Increasingly the model for the ‘successful’ NGO is the corporation – ideally a transnational corporation and NGOs are ever more marketed and judged against corporate ideals. As part of the trend, a new development scientism is strangling us with things like strategic framework analysis and results-based management, precisely the values and methods and techniques that have made the world what it is today. (ibid., 80)

Finally, the rise, role and features of NGO which objectively situate them within the imperial project is reinforced by certain ‘silences’ in the NGO discourse. I discuss this next.

Privileging Activism or Changing the World without Understanding it

During the revolutionary moment of the 60s and 70s, when the national liberation movement was at its height, it used to be said that we should think ‘globally and act locally’. This summed up four fundamental ideas. One, that imperialism was global and oppressed all peoples worldwide. So we must understand it in its global context.

Second, that imperialism would have to be fought at its local manifestations. The concrete analysis of the concrete situation was underlined. Thirdly, the slogan expressed the international solidarity of all peoples across the globe against imperialism. Fourthly, that imperialism and national liberation had to be clearly understood and correctly described in all its aspects so as to conduct an organised and conscious struggle against it. This was the basis of the profound intellectual debates on the theory and practice of imperialism and national liberation. As Amilcar Cabral, one of the foremost leaders of the African liberation movement, put it in his weapon of theory, ‘every practice produces a theory, and that if it is true that a revolution can fail even though it be based on perfectly conceived theories, nobody has yet made a successful revolution without a revolutionary theory (Cabral 1969:73-90, at 75).

What is interesting about that period is that the radical intellectual discourse was integrated with militant activism; the two were mutually reinforcing. The NGO discourse in the current period of apparent imperial “triumphalism” eschews theory, emphasises and privileges activism. In the African setting in particular, whatever is left of critical intellectual discourse, largely located at Universities, runs parallel to and is divorced from NGO activism. The requirements of funding agencies subtly discourage, if not exhibit outright hostility, to a historical and social theoretical understanding of development, poverty, discrimination etc. Our erstwhile benefactors now tell us, ‘just act, don’t think’ and we shall fund both!

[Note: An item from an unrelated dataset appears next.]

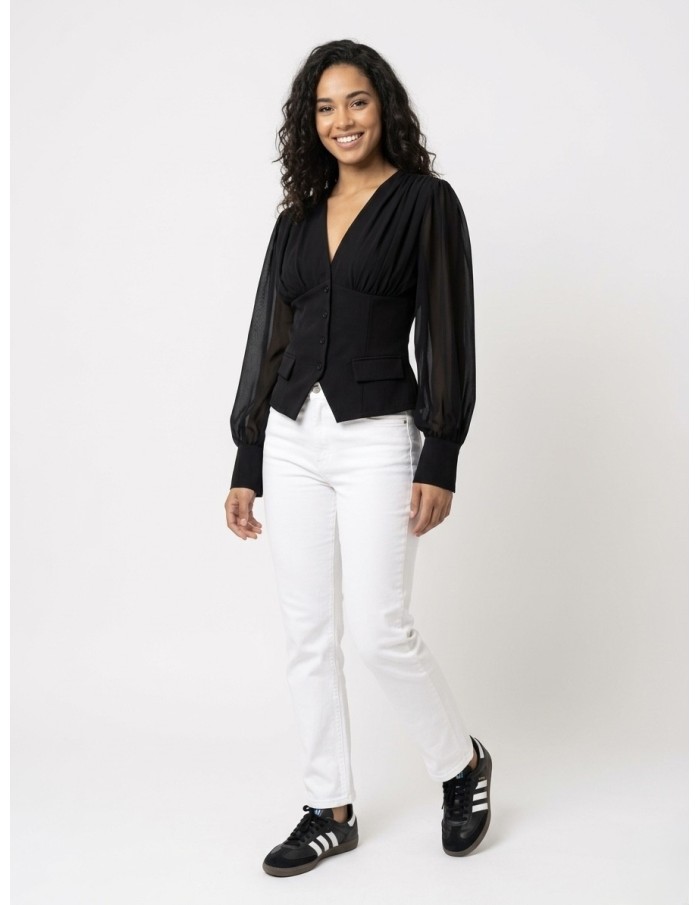 BLOUSE CINTRÉE NOIR - FEMME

The inherent bias against theory is manifested at various levels. We may mention a couple. First, the penchant for project funding which is supposed to be operated and completed within a given time – triennium for example – does not admit of thinking the underlying premises of the so-called project. Second, the managerial techniques of monitoring and evaluating projects through log-frames etc., by its very nature, compartmentalize and slice up life such that invariably one not only loses sight of the whole, but even the capacity to think holistically.

Secondly, the projects are issue-based and are supposed to be addressed as issues. The issue itself is identified as a problem at the level of phenomenon; its underlying basis is not addressed but assumed. The issue is isolated and abstracted from its social, economic and historical reality; therefore, its interconnectedness to other issues and the whole is lost.

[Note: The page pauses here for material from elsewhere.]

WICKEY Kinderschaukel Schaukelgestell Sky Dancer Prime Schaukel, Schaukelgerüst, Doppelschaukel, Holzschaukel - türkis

Thirdly, issue-oriented and time-limited projects do not admit of any long-term basic research based on solid theoretical and historical premises. If at all, the so-called research by NGOs or consultants (rather than researchers) relates to policy, not to social, economic and political interests which underlie the phenomenon under investigation nor to how these interests reproduce themselves. The “researches” by consultants degenerate into rapid appraisals (some kind of ‘opinion-polls!).

In sum, the NGO activism is presented and based on ‘act now, think later’. Theory, and particularly grand theory, is dismissed as academicism unworthy of activists. Yet, we know, that every practice gives rise to theory and every action is based on some theoretical/philosophical premise/outlook. The NGO action too is based on certain theoretical premises and philosophical outlook. This however is assumed as ‘common sense’ and therefore not interrogated.

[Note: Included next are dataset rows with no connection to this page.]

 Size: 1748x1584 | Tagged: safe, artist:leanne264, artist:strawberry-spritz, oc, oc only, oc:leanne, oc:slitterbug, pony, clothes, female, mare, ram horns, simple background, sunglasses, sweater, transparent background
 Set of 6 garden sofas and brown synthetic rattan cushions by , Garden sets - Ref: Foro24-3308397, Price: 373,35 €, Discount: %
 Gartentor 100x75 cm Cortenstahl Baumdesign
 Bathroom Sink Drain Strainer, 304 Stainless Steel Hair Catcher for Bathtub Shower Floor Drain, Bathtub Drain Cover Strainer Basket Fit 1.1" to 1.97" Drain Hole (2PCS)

I believe I have shown sufficiently that the “common sense” theoretical assumptions of the current period, and which underpin NGO role and action, is neo-liberalism in the interest of global imperialism and fundamentally contrary to the interests of the large majority of the people. Taking for granted the fundamentals of neo-liberalism and financial capitalism, or challenging them only piece-meal on specific issues (debt, environment, gender discrimination etc.), as a matter of fact draws in the NGOs as protagonists of the imperial project. Brian Murphy argues that many mainstream NGO leaders have internalized the assumptions and ways of neo-conservatism and are convinced that globalisation/neo-liberalism is inevitable and irreversible and have thus joined ‘its acolytes, ironically without much critical analysis of what ‘it’ actually is or means. He continues: ‘What the corporate PR manager understands implicitly as economic propaganda, NGO people often repeat as articles of faith’ (Murphy op.cit. 81).

The Permanent Present

Of recent, African poverty has been brought to the centre stage of the NGO world, ironically by the likes of imperial leaders such as Tony Blair. The African NGO world echoes and repeats the slogan generated by their Northern benefactors: ‘Make Poverty History’. But how can you make poverty history without understanding the ‘history of poverty’? We need to know how did the poverty of the 5 billion of this world come about as we need to know even more accurately how did the filthy wealth of the 500 multinationals or the 225 richest people was created (Peacock 2002). We need to know even more precisely how is this great divide, the unbridgeable chasm, maintained, reproduced and increasingly deepened and widened. We need to ask ourselves: What are the political, social, moral, ideological, economic and cultural mechanisms which produce and reinforce, and make such a world not only possible, but apparently acceptable?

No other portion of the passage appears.